Start of RECORDED DATA
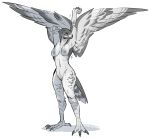  2017 4_toes anisodactyl anthro avian beak bird bird_feet breasts claws eyes_closed falcon falconid feathers female full-length_portrait furikake genitals hand_behind_head monochrome nipples non-mammal_breasts nude peregrine_falcon portrait pussy simple_background sketch solo spots spotted_body spotted_feathers standing stoop stretching tail_feathers talons toes white_background white_body white_feathers winged_arms wings 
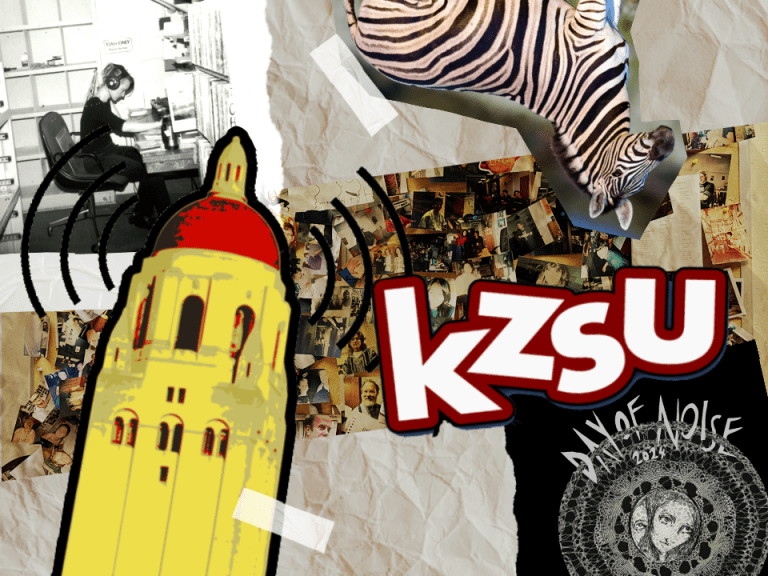 A graphic with the letters KZSU, photos of the group's members and Hoover Tower.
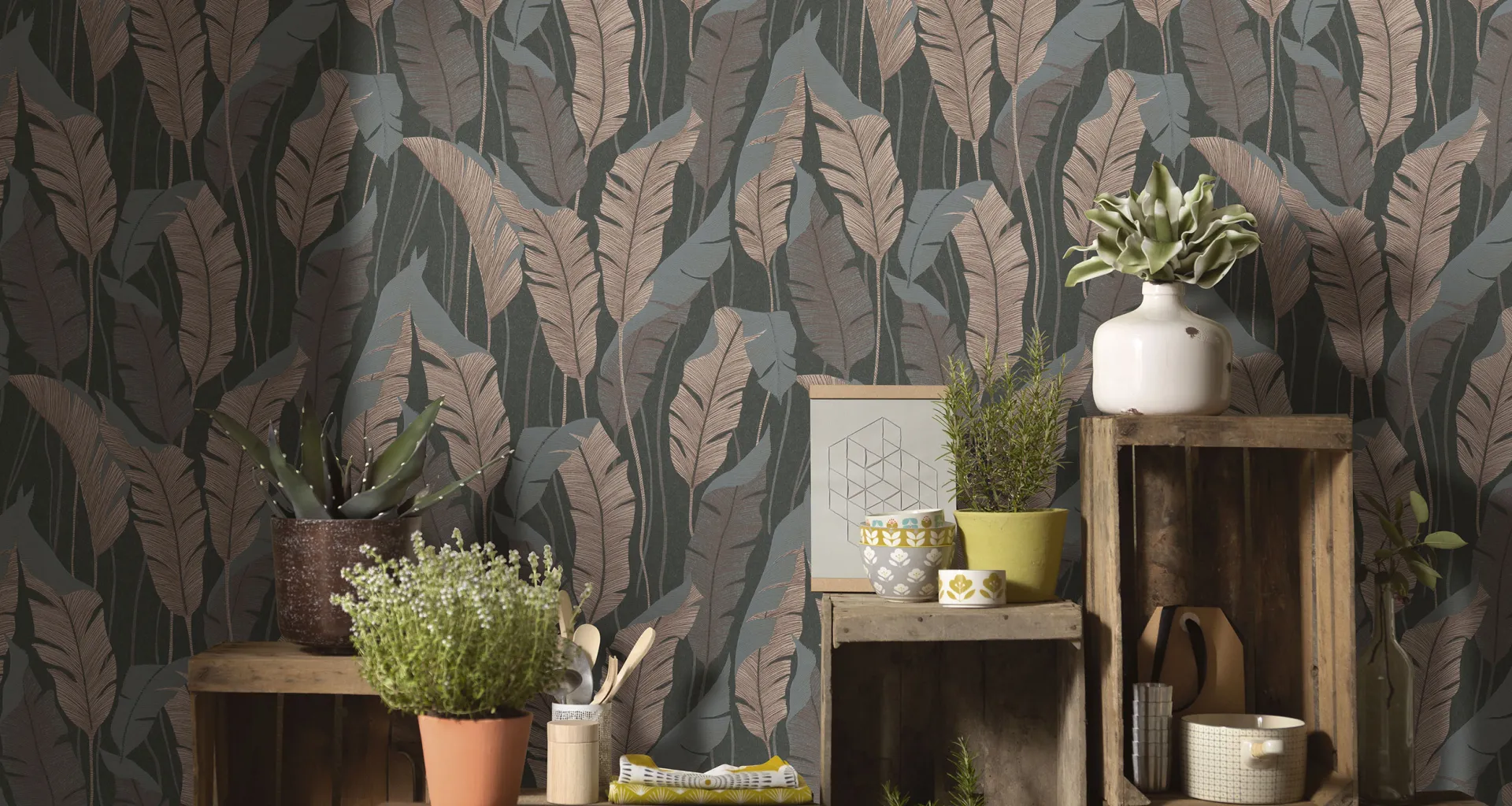 Design Arwen dunkle Tapete mit Federmotiv mir Regal und Pflanzen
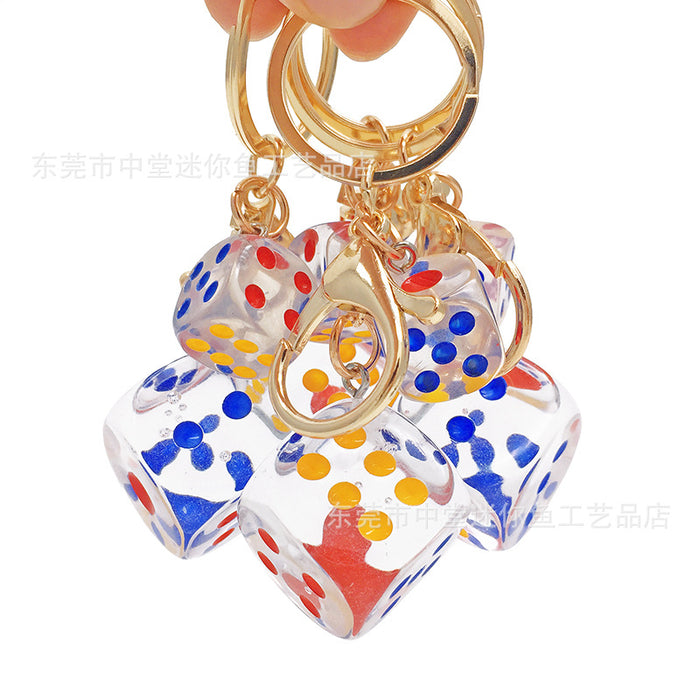 Wholesale Transparent Dice Keychain Crystal Creative Fashion Bag Car Key Dice Set Pendant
End of RECORDED DATA
*EXERCISE AIM:* What this calls for is the material above set down exactly, pictures excluded.

*EXERCISE SOLUTION:*
  2017 4_toes anisodactyl anthro avian beak bird bird_feet breasts claws eyes_closed falcon falconid feathers female full-length_portrait furikake genitals hand_behind_head monochrome nipples non-mammal_breasts nude peregrine_falcon portrait pussy simple_background sketch solo spots spotted_body spotted_feathers standing stoop stretching tail_feathers talons toes white_background white_body white_feathers winged_arms wings 
 A graphic with the letters KZSU, photos of the group's members and Hoover Tower.
 Design Arwen dunkle Tapete mit Federmotiv mir Regal und Pflanzen
 Wholesale Transparent Dice Keychain Crystal Creative Fashion Bag Car Key Dice Set Pendant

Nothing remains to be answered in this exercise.